Ces centres sont dangereux. Ils repèrent des locaux bien desservis par les transports en commun et mettent en avant leur statut associatif pour proposer aux services d'urbanisme des mairies de développer le quartier. Pour une mairie, ce statut est magique ! Dans la réalité, ces centres trient leurs patients et renvoient vers les autres centres ceux qui sont sous anticoagulants, les mineurs, les extractions...

Quelles solutions proposez-vous pour empêcher les dérives de centres low cost ?

Je n'étais pas opposée au rétablissement de la demande d'agrément mais il semble que ce ne soit pas la solution retenue, essentiellement pour des raisons juridiques. Ce système qui différencie les conditions d'installation des centres de celles des libéraux, ne serait pas conforme aux règles européennes.

Les centres mutualistes sont aussi inquiets que nous du développement des centres low cost. Je n'ai pas de solutions mais j'ai des pistes. Nous devons travailler avec l'Ordre sur les contrats. Il faudrait imposer aux responsables des centres de santé de verser à leurs chirurgiens-dentistes une part fixe équivalente à un salaire minimum. Un renforcement des contrôles de la sécurité sociale pourrait être efficace. À ce sujet, on observe que l'ARS d'Île-de-France a commencé à effectuer des contrôles, y compris dans des centres municipaux. Elle examine différents points comme les plannings, les contrats, le nombre d'assistantes, la stérilisation...

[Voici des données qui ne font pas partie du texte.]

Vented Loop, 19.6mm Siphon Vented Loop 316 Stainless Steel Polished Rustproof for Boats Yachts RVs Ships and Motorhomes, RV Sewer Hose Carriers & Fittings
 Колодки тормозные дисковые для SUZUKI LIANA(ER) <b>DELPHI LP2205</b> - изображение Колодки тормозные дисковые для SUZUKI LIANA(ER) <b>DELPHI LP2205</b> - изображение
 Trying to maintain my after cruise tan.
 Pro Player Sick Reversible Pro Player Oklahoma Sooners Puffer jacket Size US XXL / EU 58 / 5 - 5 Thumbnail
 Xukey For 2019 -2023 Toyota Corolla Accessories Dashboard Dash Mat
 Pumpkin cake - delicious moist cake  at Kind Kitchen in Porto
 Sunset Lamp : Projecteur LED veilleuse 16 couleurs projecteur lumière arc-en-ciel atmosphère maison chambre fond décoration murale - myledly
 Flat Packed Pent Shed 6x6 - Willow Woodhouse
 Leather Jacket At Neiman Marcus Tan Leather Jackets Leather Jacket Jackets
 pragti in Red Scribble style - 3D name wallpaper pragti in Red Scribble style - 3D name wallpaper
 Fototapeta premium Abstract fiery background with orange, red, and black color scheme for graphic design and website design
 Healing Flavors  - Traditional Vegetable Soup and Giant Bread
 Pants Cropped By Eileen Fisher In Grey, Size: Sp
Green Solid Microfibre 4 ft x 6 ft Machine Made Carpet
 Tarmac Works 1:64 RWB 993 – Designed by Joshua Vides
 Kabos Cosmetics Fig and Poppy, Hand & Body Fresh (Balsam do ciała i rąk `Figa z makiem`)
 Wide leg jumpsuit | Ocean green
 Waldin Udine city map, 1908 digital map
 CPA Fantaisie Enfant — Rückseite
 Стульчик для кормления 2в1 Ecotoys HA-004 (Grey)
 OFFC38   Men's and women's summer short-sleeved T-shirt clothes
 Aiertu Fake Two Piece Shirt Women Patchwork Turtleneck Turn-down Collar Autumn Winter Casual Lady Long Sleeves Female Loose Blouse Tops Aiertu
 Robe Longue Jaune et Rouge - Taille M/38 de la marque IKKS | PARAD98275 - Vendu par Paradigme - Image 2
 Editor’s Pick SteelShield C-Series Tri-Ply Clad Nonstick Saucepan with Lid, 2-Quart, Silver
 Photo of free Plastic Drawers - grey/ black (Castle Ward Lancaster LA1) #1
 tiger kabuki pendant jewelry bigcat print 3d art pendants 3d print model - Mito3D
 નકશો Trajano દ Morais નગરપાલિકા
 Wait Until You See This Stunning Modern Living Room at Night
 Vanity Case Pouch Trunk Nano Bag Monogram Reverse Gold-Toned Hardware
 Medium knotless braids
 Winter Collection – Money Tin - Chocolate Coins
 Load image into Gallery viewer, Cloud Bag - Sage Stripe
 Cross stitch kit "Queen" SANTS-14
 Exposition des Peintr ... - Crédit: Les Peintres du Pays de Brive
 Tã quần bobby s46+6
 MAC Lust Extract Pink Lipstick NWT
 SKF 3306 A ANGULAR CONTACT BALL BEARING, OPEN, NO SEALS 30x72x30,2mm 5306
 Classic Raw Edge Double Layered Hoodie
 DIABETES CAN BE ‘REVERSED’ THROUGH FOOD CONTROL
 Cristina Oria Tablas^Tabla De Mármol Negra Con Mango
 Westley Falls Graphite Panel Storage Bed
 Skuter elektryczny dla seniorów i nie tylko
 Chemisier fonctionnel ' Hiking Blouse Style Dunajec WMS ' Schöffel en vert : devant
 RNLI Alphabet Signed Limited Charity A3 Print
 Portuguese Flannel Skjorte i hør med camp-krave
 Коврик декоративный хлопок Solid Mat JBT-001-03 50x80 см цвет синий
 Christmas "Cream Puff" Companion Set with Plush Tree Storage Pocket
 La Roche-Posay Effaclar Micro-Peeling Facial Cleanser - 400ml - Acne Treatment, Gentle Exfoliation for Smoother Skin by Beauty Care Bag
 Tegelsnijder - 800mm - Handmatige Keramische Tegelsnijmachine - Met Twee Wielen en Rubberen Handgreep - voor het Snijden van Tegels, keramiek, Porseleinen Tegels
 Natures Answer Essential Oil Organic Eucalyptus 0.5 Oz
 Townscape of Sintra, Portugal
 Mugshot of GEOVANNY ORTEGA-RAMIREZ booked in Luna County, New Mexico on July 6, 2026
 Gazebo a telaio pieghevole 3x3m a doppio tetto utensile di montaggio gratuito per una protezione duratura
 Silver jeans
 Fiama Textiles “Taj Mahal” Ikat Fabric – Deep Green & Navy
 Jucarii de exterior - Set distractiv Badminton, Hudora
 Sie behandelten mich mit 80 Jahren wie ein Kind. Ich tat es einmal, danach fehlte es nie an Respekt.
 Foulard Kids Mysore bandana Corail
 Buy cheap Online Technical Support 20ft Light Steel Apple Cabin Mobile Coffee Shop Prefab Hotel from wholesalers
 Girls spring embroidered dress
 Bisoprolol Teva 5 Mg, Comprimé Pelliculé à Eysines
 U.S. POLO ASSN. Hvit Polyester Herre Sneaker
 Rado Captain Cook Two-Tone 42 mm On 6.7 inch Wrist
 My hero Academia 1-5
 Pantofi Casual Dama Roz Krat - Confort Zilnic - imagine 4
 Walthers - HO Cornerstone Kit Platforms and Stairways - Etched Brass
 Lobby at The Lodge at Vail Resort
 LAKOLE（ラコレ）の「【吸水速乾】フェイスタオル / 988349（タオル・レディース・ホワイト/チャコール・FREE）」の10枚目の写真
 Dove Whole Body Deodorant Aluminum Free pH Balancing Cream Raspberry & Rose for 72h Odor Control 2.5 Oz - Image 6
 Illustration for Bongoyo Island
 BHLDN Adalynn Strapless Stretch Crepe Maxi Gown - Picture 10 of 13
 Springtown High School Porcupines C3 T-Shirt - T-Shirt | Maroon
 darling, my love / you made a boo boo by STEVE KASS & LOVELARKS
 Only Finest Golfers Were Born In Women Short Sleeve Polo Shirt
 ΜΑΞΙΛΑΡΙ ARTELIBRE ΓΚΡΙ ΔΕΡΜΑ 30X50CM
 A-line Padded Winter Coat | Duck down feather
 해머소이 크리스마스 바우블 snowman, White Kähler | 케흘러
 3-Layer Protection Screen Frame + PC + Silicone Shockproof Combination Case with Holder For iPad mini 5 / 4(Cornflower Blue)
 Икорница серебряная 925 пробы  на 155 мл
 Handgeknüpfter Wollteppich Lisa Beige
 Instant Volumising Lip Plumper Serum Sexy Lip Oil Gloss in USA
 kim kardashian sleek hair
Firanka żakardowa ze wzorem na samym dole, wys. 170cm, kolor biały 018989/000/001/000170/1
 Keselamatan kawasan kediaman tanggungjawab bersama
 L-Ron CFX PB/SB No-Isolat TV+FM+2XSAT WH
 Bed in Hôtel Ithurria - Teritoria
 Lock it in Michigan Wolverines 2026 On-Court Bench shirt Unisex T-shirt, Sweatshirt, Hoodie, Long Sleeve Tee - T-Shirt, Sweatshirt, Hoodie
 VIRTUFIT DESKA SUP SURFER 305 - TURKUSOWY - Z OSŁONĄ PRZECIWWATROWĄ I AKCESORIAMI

Nous travaillons à la mise en place d'un outil de contrôle des risques qui pourrait aussi être un moyen de surveillance.

De quoi s'agit-il ? Est-ce une forme d'accréditation ?

Notre objectif n'est pas d'aller vers une accréditation comme à l'hôpital. C'est un outil de contrôle visant les risques infectieux, mais aussi les risques administratifs, médicamenteux... Il est prévu que chaque centre pourra renseigner en ligne ce qu'il fait, ce qu'il ne fait pas et ce qu'il doit améliorer dans différents domaines. En répondant, chaque centre pourra aussi se comparer à la pratique de la moyenne des autres centres. Cet outil est prêt mais doit encore être testé avant d'être diffusé. Ce sera un indicateur pour les ARS qui auront accès aux données. Pour l'ensemble des centres, c'est aussi intéressant car nous serons soumis un jour ou l'autre à la certification. Autant nous organiser avant !

Nous évoquons tous ces sujets dans un groupe de travail réunissant le syndicat de médecins des centres de santé, celui des chirurgiens-dentistes, un représentant de la Fédération des centres de santé et un représentant des centres mutualistes. Nous nous retrouvons 2 à 3 fois par an au ministère pour faire avancer ces différents dossiers.